Give back an exact copy of the lines below, from the first through the line with "Carmate TE432 Адаптер"; please stop there.

Start of Block

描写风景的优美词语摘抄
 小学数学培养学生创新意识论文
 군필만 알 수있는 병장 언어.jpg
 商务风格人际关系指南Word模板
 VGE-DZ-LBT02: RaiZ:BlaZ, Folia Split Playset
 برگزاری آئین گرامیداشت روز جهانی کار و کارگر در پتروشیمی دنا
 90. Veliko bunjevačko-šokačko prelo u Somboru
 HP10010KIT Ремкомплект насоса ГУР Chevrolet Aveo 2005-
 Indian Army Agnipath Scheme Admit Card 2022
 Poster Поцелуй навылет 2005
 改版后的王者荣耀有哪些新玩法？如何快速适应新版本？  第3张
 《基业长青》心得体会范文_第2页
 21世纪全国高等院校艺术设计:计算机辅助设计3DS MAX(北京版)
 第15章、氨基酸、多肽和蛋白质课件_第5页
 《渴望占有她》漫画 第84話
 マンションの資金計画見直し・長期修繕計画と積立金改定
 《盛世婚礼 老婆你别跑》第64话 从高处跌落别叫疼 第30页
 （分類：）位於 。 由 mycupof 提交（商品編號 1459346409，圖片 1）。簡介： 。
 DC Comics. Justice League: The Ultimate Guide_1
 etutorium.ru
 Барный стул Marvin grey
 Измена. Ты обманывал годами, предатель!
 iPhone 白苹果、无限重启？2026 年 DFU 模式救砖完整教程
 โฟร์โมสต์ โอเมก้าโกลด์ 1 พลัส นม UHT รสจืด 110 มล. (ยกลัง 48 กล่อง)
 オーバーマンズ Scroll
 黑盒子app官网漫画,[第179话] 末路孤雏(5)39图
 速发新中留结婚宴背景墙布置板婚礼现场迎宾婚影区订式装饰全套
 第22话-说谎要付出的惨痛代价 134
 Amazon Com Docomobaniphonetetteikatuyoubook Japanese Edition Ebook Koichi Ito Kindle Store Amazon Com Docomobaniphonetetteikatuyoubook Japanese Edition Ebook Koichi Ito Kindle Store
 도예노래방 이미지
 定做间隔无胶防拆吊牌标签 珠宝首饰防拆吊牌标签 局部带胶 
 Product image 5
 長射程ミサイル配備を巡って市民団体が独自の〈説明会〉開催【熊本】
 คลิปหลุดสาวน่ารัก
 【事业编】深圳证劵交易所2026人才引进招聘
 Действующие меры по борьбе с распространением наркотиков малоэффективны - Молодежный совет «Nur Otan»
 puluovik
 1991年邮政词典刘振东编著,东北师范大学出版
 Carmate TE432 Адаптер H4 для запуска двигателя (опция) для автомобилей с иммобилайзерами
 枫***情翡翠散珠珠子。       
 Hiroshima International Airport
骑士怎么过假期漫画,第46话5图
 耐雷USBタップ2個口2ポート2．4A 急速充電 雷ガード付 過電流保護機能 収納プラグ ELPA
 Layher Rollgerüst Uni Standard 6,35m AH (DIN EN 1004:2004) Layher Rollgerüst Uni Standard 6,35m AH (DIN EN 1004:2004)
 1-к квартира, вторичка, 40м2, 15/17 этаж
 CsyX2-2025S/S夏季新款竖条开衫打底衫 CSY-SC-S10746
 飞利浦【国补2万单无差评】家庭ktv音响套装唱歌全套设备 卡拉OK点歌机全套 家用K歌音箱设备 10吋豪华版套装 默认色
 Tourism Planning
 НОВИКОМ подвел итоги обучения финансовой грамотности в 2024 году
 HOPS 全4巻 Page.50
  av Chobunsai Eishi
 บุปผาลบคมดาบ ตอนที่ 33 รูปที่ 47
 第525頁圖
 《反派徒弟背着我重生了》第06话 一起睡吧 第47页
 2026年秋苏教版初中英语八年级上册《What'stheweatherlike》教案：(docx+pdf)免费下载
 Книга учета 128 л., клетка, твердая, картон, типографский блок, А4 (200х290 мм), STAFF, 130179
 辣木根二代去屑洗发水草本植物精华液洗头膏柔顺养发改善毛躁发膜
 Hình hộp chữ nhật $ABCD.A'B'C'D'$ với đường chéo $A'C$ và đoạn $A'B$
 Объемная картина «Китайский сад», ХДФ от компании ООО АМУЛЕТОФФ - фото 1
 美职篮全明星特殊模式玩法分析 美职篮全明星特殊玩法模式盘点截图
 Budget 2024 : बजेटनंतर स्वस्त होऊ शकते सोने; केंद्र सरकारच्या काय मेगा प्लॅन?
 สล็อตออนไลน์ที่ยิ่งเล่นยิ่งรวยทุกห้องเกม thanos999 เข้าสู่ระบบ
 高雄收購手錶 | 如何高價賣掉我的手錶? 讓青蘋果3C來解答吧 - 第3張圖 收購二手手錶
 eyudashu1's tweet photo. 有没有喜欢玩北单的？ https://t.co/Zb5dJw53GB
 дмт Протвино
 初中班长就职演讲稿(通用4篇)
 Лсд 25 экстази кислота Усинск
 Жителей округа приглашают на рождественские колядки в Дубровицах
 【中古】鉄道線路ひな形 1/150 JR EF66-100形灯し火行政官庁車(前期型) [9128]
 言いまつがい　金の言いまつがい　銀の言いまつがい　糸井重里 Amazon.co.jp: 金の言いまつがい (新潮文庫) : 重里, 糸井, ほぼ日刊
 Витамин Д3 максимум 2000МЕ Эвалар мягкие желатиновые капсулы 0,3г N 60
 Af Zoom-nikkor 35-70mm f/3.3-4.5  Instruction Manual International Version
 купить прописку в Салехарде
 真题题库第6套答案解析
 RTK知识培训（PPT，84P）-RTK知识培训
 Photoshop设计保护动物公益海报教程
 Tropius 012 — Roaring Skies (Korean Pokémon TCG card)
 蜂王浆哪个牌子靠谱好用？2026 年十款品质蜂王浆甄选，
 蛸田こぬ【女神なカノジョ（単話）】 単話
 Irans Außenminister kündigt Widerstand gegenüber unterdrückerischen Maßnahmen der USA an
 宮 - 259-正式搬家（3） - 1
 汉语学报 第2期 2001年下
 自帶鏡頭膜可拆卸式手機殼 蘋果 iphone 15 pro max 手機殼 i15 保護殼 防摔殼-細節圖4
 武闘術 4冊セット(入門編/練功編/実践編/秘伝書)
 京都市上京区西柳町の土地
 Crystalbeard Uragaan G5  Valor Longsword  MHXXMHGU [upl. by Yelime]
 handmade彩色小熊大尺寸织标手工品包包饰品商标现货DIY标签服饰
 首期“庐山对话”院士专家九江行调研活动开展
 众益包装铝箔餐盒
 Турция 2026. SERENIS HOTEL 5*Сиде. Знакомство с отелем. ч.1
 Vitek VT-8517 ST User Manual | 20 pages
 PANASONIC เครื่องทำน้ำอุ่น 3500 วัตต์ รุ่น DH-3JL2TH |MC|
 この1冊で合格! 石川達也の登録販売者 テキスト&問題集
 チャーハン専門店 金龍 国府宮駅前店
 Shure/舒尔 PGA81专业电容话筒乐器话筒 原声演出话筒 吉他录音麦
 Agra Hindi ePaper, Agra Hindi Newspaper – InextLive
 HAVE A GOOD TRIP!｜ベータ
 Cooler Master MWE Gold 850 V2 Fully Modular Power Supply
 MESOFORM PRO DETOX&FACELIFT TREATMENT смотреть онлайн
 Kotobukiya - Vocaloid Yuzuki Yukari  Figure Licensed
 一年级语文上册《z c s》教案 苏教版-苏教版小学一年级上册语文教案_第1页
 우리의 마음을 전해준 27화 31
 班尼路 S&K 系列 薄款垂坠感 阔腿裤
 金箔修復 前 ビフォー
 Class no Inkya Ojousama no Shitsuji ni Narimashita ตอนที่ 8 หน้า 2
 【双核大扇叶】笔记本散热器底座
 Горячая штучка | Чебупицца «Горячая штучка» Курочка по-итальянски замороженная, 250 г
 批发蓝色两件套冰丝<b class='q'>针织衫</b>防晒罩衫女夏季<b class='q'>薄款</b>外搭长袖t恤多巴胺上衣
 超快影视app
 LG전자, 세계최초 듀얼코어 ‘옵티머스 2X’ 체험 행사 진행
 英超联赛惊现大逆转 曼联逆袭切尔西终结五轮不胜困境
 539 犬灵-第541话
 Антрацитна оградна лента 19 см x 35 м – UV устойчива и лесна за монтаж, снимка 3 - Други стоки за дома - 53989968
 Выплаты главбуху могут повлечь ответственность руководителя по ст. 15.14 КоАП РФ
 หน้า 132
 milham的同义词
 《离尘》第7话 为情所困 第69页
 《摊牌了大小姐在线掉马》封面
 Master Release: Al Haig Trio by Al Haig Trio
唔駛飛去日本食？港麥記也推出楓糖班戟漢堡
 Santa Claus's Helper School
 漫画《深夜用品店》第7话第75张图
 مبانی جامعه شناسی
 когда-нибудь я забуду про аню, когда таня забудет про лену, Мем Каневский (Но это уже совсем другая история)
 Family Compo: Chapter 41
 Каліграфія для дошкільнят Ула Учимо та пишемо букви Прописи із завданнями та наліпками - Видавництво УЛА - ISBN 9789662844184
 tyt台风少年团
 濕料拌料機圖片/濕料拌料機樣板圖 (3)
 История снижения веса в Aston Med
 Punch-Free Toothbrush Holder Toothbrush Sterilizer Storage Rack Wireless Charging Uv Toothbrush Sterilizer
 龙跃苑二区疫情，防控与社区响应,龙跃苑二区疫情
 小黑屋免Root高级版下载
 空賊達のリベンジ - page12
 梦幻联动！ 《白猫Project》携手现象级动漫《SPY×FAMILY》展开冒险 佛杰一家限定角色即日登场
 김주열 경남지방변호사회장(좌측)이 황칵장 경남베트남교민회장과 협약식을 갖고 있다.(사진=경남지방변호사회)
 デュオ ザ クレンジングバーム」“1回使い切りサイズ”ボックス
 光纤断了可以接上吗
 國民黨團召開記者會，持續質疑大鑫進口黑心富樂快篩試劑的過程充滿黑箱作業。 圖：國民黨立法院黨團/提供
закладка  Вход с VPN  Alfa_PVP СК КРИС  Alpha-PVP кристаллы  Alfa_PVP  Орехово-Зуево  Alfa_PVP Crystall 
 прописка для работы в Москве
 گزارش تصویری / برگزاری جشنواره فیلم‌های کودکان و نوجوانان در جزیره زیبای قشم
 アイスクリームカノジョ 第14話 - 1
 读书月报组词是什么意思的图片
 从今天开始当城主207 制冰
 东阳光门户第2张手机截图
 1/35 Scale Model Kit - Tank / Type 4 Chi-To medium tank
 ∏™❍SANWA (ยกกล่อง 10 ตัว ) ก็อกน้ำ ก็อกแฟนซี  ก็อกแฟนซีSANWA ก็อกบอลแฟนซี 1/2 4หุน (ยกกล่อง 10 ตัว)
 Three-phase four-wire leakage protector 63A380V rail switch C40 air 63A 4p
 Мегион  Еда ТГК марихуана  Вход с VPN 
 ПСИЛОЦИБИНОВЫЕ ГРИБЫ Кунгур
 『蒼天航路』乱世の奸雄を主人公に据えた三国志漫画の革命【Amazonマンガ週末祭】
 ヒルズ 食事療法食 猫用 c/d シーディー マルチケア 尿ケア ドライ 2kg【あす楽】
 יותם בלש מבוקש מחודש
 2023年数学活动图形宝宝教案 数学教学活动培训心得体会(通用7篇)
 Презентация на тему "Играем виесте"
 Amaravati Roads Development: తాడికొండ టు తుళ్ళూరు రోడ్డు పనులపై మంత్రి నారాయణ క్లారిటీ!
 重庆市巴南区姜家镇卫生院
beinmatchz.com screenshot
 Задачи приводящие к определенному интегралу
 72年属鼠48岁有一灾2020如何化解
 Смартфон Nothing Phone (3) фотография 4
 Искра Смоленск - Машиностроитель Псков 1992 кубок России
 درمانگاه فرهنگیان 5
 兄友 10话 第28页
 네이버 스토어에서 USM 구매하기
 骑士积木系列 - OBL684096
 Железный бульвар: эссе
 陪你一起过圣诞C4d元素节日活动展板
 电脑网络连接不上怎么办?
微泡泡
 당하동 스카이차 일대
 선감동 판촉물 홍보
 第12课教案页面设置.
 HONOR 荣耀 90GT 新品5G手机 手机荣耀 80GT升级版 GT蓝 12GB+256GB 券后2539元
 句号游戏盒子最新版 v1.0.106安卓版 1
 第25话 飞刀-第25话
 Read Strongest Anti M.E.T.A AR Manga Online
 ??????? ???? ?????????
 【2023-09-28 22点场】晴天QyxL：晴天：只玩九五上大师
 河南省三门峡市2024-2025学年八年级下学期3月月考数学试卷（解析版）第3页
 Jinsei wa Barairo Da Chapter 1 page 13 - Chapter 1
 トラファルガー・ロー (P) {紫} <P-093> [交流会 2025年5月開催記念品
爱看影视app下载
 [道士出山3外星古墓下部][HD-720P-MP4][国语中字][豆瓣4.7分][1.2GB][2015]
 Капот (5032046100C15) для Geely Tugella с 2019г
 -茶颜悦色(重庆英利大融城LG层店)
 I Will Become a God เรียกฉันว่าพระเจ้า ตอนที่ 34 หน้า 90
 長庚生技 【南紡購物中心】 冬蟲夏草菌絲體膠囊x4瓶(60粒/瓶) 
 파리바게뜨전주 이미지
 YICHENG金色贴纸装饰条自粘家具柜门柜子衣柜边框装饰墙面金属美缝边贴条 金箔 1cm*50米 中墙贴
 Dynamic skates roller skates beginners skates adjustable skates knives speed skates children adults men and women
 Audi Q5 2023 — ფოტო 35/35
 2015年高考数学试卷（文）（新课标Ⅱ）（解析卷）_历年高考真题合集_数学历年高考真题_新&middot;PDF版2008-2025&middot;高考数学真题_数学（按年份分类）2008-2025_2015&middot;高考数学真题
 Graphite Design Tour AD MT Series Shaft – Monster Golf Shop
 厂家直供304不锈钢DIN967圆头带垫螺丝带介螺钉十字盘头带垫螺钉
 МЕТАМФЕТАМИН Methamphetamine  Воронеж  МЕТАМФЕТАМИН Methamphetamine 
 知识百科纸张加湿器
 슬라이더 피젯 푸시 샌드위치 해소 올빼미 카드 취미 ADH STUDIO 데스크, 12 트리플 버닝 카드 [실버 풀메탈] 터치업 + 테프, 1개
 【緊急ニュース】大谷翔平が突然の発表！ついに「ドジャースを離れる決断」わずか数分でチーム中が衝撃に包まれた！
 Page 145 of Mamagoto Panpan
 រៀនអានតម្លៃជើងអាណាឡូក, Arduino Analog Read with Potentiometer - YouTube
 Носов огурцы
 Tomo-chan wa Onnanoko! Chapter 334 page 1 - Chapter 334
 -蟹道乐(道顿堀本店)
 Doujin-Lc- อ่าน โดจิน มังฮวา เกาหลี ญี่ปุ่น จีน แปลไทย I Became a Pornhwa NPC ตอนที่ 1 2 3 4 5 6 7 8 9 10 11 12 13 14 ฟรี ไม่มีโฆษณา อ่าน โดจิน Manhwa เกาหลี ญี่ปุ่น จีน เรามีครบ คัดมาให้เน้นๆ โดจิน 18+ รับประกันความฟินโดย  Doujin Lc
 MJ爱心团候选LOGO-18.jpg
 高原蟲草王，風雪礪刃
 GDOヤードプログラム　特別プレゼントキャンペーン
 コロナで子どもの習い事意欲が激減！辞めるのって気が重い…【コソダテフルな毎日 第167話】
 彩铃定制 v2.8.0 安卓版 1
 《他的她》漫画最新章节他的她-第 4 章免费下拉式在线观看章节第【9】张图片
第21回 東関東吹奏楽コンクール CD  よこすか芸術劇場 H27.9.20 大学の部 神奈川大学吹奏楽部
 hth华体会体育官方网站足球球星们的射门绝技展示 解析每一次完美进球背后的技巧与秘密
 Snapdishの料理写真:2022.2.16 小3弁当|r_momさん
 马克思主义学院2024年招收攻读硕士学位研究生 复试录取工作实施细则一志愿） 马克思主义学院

End of Block

→ FINAL ANSWER:
描写风景的优美词语摘抄
 小学数学培养学生创新意识论文
 군필만 알 수있는 병장 언어.jpg
 商务风格人际关系指南Word模板
 VGE-DZ-LBT02: RaiZ:BlaZ, Folia Split Playset
 برگزاری آئین گرامیداشت روز جهانی کار و کارگر در پتروشیمی دنا
 90. Veliko bunjevačko-šokačko prelo u Somboru
 HP10010KIT Ремкомплект насоса ГУР Chevrolet Aveo 2005-
 Indian Army Agnipath Scheme Admit Card 2022
 Poster Поцелуй навылет 2005
 改版后的王者荣耀有哪些新玩法？如何快速适应新版本？  第3张
 《基业长青》心得体会范文_第2页
 21世纪全国高等院校艺术设计:计算机辅助设计3DS MAX(北京版)
 第15章、氨基酸、多肽和蛋白质课件_第5页
 《渴望占有她》漫画 第84話
 マンションの資金計画見直し・長期修繕計画と積立金改定
 《盛世婚礼 老婆你别跑》第64话 从高处跌落别叫疼 第30页
 （分類：）位於 。 由 mycupof 提交（商品編號 1459346409，圖片 1）。簡介： 。
 DC Comics. Justice League: The Ultimate Guide_1
 etutorium.ru
 Барный стул Marvin grey
 Измена. Ты обманывал годами, предатель!
 iPhone 白苹果、无限重启？2026 年 DFU 模式救砖完整教程
 โฟร์โมสต์ โอเมก้าโกลด์ 1 พลัส นม UHT รสจืด 110 มล. (ยกลัง 48 กล่อง)
 オーバーマンズ Scroll
 黑盒子app官网漫画,[第179话] 末路孤雏(5)39图
 速发新中留结婚宴背景墙布置板婚礼现场迎宾婚影区订式装饰全套
 第22话-说谎要付出的惨痛代价 134
 Amazon Com Docomobaniphonetetteikatuyoubook Japanese Edition Ebook Koichi Ito Kindle Store Amazon Com Docomobaniphonetetteikatuyoubook Japanese Edition Ebook Koichi Ito Kindle Store
 도예노래방 이미지
 定做间隔无胶防拆吊牌标签 珠宝首饰防拆吊牌标签 局部带胶 
 Product image 5
 長射程ミサイル配備を巡って市民団体が独自の〈説明会〉開催【熊本】
 คลิปหลุดสาวน่ารัก
 【事业编】深圳证劵交易所2026人才引进招聘
 Действующие меры по борьбе с распространением наркотиков малоэффективны - Молодежный совет «Nur Otan»
 puluovik
 1991年邮政词典刘振东编著,东北师范大学出版
 Carmate TE432 Адаптер H4 для запуска двигателя (опция) для автомобилей с иммобилайзерами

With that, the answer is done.